Why should the real estate industry care about money laundering?
- There is now more legal liability to individuals tied to real estate transactions than just title companies, and this is done by implementing a “cascade” method where more individuals file reports. “At the top of the list are professionals who provide settlement services, followed by those who underwrite the new owner’s title insurance policy.”
- “The final residential real estate rule will require certain industry professionals to report information to FinCEN about non-financed transfers of residential real estate to a legal entity or trust, which present a high illicit finance risk. The rule will increase transparency, limit the ability of illicit actors to anonymously launder illicit proceeds through the American housing market, and bolster law enforcement investigative efforts.”
- A 2019 British Columbia government study found that money laundering adds about 5% to home prices.
Here are the facts from the FinCEN residential real estate rule change you probably want to know about.
From FinCEN:
“FinCEN is issuing a proposed rule to require certain persons involved in real estate closings and settlements to submit reports and keep records on identified non-financed transfers of residential real property to specified legal entities and trusts on a nationwide basis. Transfers made directly to an individual would not be covered by this proposed rule. The proposed rule describes the circumstances in which a report must be filed, who must file a report, what information must be provided, and when a report is due. These reports are expected to assist the U.S. Department of the Treasury; Federal, State, and local law enforcement; and national security agencies in addressing illicit finance vulnerabilities in the U.S. residential real estate sector and to curtail the ability of illicit actors to anonymously launder illicit proceeds through the purchase of residential real property, which threatens U.S. economic and national security.”
The real estate sector has been emphasized because it has long been an efficient mechanism to clean funds in large amounts. This piece by GFI is eye-opening: Acres of Money Laundering: Why U.S. Real Estate is a Kleptocrat’s Dream.

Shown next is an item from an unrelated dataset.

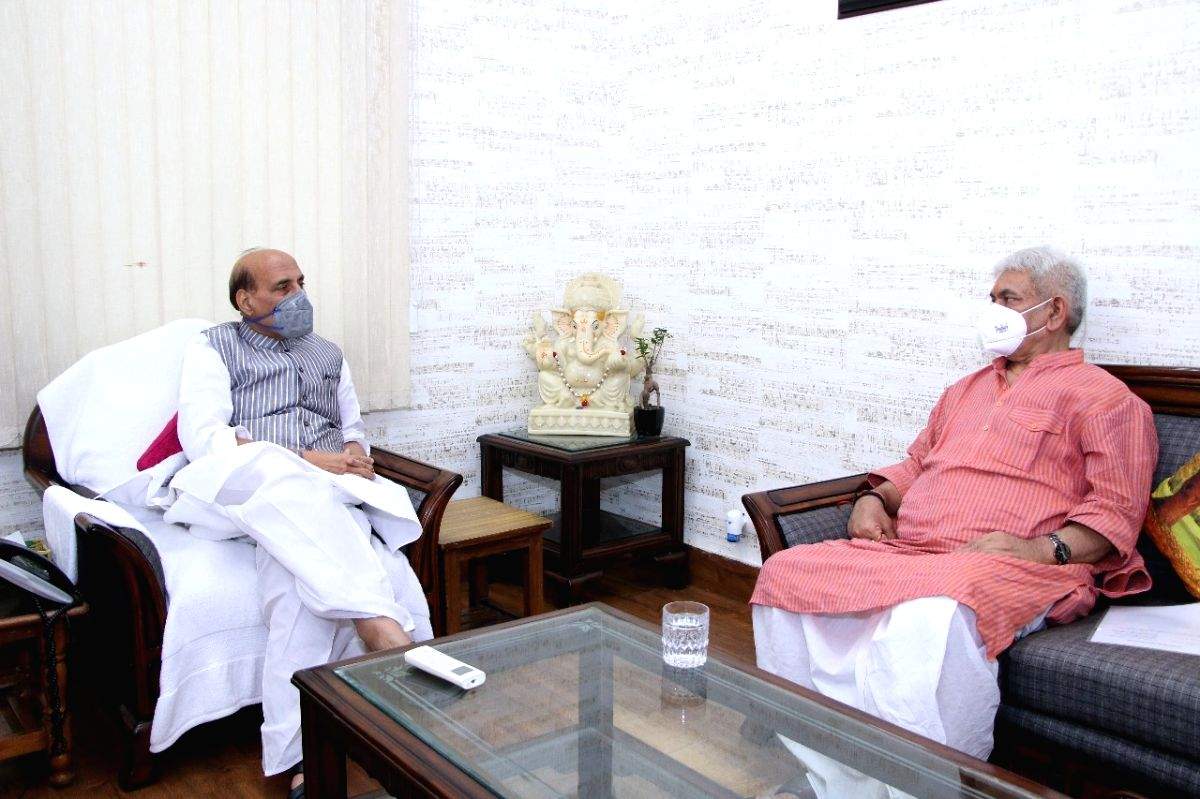 J&K LG meets Rajnath, seeks assistance of BRO for Amarnath Yatra - Vimarsana News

Some of the more helpful interpretations of the rule change have come from international law firms, like Norton Rose Fulbright:
“On August 28, 2024, the Financial Crimes Enforcement Network (FinCEN) issued a final rule that will impose new anti-money laundering and countering terrorism financing (AML/CFT) program requirements on registered investment advisers and exempt reporting advisers (collectively,Covered IAs) by, among other things, including Covered IAs within the definition of “financial institution” under the Bank Secrecy Act (BSA).1 The new AML/CFT rule takes effect on January 1, 2026.”
…and Nixon Peabody:
- ‘Certain registered investment advisers and exempt reporting advisers are added to the definition of “financial institution.”

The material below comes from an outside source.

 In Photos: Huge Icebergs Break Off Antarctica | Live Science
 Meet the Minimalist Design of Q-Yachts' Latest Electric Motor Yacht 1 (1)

- The rule sets minimum standards for anti-money laundering and countering the financing of terrorism (AML/CFT) programs and requires that suspicious activity is reported to FinCEN.
- Financial services entities and professionals should prepare now to meet compliance standards by January 1, 2026.’
Final Thoughts
It is probably prudent for a real estate agent or financial advisor to become familiar with their exposure to the rule changes from FinCEN that go into effect on January 1, 2026. I’m impressed the the dogged pursuit by U.S. Treasury to stop illicit funds entering the economy.
Did you miss yesterday’s Housing Notes?
Housing Notes Reads
- Stream of Foreign Wealth Flows to Elite New York Real Estate (Published 2015) [NY Times]
- FinCEN issues new AML rule impacting registered investment advisers and exempt reporting advisers [NRF]
- New AML/SAR requirements for investment advisers [Nixon Peabody LLP]
- New US rules try to make it harder for criminals to launder money by paying cash for homes [AP News]
- Anti-Money Laundering Regulations for Residential Real Estate Transfers [Federal Register]
- Acres of Money Laundering: Why U.S. Real Estate is a Kleptocrat's Dream [Global Financial Integrity]
- Treasury proposes rule to extend anti-money laundering regs to investment advisers [CNBC]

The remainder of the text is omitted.